October 18, 2020 by Fr Joseph

Twenty-ninth Sunday, Year A, 18 October, 2020: Isaiah 45:1, 4-6; 1 Thessalonians 1:1-5b; Matthew 22:15-21

     Saint Paul writes to the Romans: Let every person be subordinate to the higher authorities, for there is no authority except from God, and those that exist have been established by God. Paul writes as a Roman citizen, with the rights of a Roman citizen.   

    Ironically, insisting on those rights would lead him to Rome, house arrest and execution under Nero.

    Jesus replies to the disciples of the Pharisees with the Herodians, Then repay to Caesar what belongs to Caesar and to God what belongs to God. Jesus speaks as a Galilean craftsman; historians tell us that the artisans and farmers of Jesus’ day were paying up to three-quarters of their income in combined taxes. Before King Herod and Caesar they had no tangible rights.
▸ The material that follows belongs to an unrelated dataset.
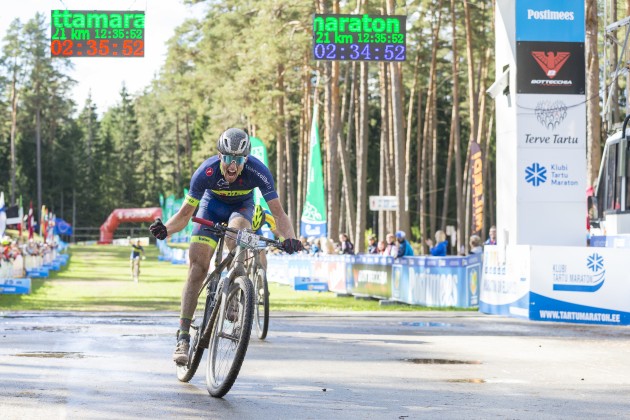 Kalnu riteņbraukšana, Tartu MTB maratons - 137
    Caesar’s coin, for the census tax, bore the image of Tiberius Caesar on one side and on the reverse, that of his mother, Livia, as the deified Empress—the Roman Senate had voted her into the ranks of the immortals. That was a particularly repugnant blasphemy to any Jew; given Livia’s personality, that “deification” was probably repugnant to many a senator coerced to vote her that honor.

     Jesus’ reply is dismissive, setting no value on such a coin; it’s as if he’s saying, “Send that travesty—and the tax—back to Caesar.”

     By the time the Book of Revelation is written, the Roman Capitol is depicted as the whore of Babylon and the Emperor plays the role of Anti-Christ.

    There is no clear and consistent New Testament policy about civil authority, nor should there be. But there is a consistent New Testament ethos about power, privilege and influence: they are not the path God takes. In Jesus Christ, God has chooses the path of powerlessness and identification with the marginal and the rejected.

    Looking back over more than two-thousand years of Church history, this remains an example very difficult for most Christians to assimilate, or even accept intellectually. But, as Elizabeth Johnson reminds us, “The cross opens a pathway for all the suffering of the world to be taken into the very being of God. God is now so tied into history through his freely given Love on the cross that the pain of the world is admitted into himself. There, the power of divine Love heals, changes, saves it…”    

    Can power, privilege or influence compete with that?